Inutile negare che “Maria” il film in concorso a Venezia81 è candidato ad almeno tre premi, miglior sceneggiatura originale, miglior regia (e sarebbe ora, Larrain a mio parere meriterebbe già il Leone d’oro alla Carriera, uno dei più talentuosi della sua generazione) e, naturalmente, miglior performance attoriale.
Non è nemmeno il caso di entrare nella trama che ognuno indagherà per sé stesso, la storia è arcinota, le vulnerabilità invece no.
L’importanza di questa narrazione è il taglio tutto parigino, dove una Callas in preda a visioni, pastiglie, indicibili mali dell’anima, si chiude dentro le mura di un appartamento cercando di capire il suo senso nella vita ora che tutto è perduto, circondata dall’affetto della famiglia fittizia che si è ricreata.
I suoi fedeli aiutanti Ferruccio, ancora vivente (Pierfrancesco Favino) e Bruna (Alba Rohrwacher), le uniche persone che hanno condiviso prima con la Diva e poi con Maria l’ascesa e la caduta di una donna che poteva avere tutto ed è rimasta prigioniera del suo cuore ancora prima che della sua voce.
Quella stessa melodia che, in un ultimo disperato canto del cigno, tenta di riprendere, non tanto per esibirsi di nuovo sul palcoscenico, quanto per riallacciare una sorta di dialogo con sè stessa, riprendersi forse il rispetto di sé.
Come se senza la sua “voce” non fosse più nulla. “Chiudi la porta, vai avanti, hai 53 anni, puoi ancora fare tantissimo” le dice la sorella arrivata dalla Grecia.
Ma per chi non è stata una Diva, che come spiega brillantemente Larrain, “è qualcuno che eccelle in quel che fa e non può tollerare di non saperlo farlo più” , è quasi impossibile capire che quella porta non si può chiudere.

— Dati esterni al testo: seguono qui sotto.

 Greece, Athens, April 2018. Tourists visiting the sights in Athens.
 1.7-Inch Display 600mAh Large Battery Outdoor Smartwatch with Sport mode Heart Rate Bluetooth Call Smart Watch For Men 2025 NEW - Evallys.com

Semmai si può riaprire solo per morirci dentro.
“Eppure un tentativo per tornare l’ha fatto” spiega ancora Angelina Jolie, “ma i critici sono stati tremendi, cattivissimi, l’hanno stroncata. A volte non si capisce quanta fragilità ci sia dietro la grandezza”.
Il messaggio è arrivato, forte e chiaro.